022 英卓と萬姜、白麗不明の知らせに驚く・3



 美しい女は肌が透けて見える薄い着物を身にまとっていた。

 豊満な乳房の形はもちろんのこと、その先にある二つの尖ったものの形も色も見える。当然ながら、汗ばむような夏の始まりだからという理由ではない。

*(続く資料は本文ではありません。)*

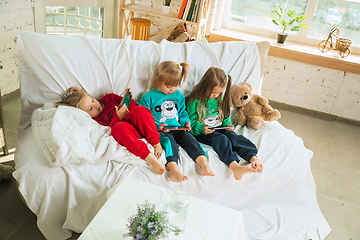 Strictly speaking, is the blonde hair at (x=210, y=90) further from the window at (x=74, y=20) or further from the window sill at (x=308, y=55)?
the window at (x=74, y=20)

 英卓は大きな胸の女が好みだ。そしてどちらかというと、ある程度、歳を食っている女のほうがよい。彼の口の悪さに拗ねたり泣いたりする女を、機嫌をとってまで抱くのはめんどうだ。


 口は美酒を、目は美女の透けて見える胸を愉しんだ。

 退屈極まりない宴だ。

 このくらいの楽しみで罰があたることはないだろう。


「荘さまとお会いするのが、今日が初めてとは思えません。

 以前からの深い馴染のような気がします」


 英卓が呑み干した盃に再び酒を満たした女が、体を寄せて囁いてくる。

 謝征玄が言った。


「これはこれは、荘殿は胡玉楼の青愁にいたく気にいられた様子。

 このまま、胡玉楼に繰り出すのも一興ですな」


「まあ、謝さま、そのお言葉は本当でございますか。なんと嬉しい……」

 そう言って、女は英卓にますますしなだれかかってきた。押しつけられた柔らかな乳房の感触に、英卓の相好が崩れる。


 謝征玄の口元に微かな笑みが浮かぶ。


……女が吐き出す蜘蛛の糸になんなく巻き取られるとは、なんとたわいない男であることよ。このような男に会えとは、沈明宥も老いて人を見る目が曇ったか……




「英卓!」


 真後ろから、関景のしわがれた声がした。

 いつの間にそこにいる?……と驚く。

 その歳で気配を感じさせないとは、達者な爺さまではないか。

 

「なんだ、突然。驚いたではないか。

 そうだ、爺さまも、このまま妓楼に繰り出すというのはどうだ? 

 若返るぞ」


 女がくすくすと笑った。

 しかし、英卓の戯言は、関景の耳には入っていなかった。彼は乱暴に女を押しやると、押し殺した声で言った。


「留守居の允陶から急ぎの知らせがあった。

 お嬢ちゃんが、屋敷より姿を消したとのことだ。あの允陶が慌てて言ってよこすとは、悪いことが起きたと覚悟をしたほうがよいだろう」


 白麗不明を知って允陶は持っていた筆を落としたが、この時、英卓はなみなみと酒の満ちた盃を落としそうになった。しかし、彼は強固な意思の力でそれをゆっくりと膳の上に戻す。


 ざざあっと音を立てて、頭と体から酔いが抜けた。


「荘殿、いかがなされた?」

 謝征玄が問うてくる。


「麗が、いや妹の白麗が急な病で倒れたとの知らせがございました。たいしたことではない様子ながら、普段はいたって元気なものゆえに、屋敷のものがうろたえています。急ぎ帰って様子を見てみたく思います」


 そういえばこの男にはそういう名の妹がいたはず。

 まあ、そろそろこの酒宴も潮時というもの。


「おお、それは、それは。心配なことでございますな。私どもになんの遠慮のいることか。すぐに帰ってさしあげるとよろしい」


 立ち上がった若い男の顔からは、先ほどまでの酔って緩んだ表情は消えていた。

 彼は一礼すると、老獪な関景と巨体でありながら隙なく敏捷に動く魁堂鉄を従えて、部屋を出て行った。

 

 一瞬だが、荘英卓の後ろ姿が座を威圧した。

 その気配に謝征玄は息を飲んだ。


 ……これが、この男の本性だったのか。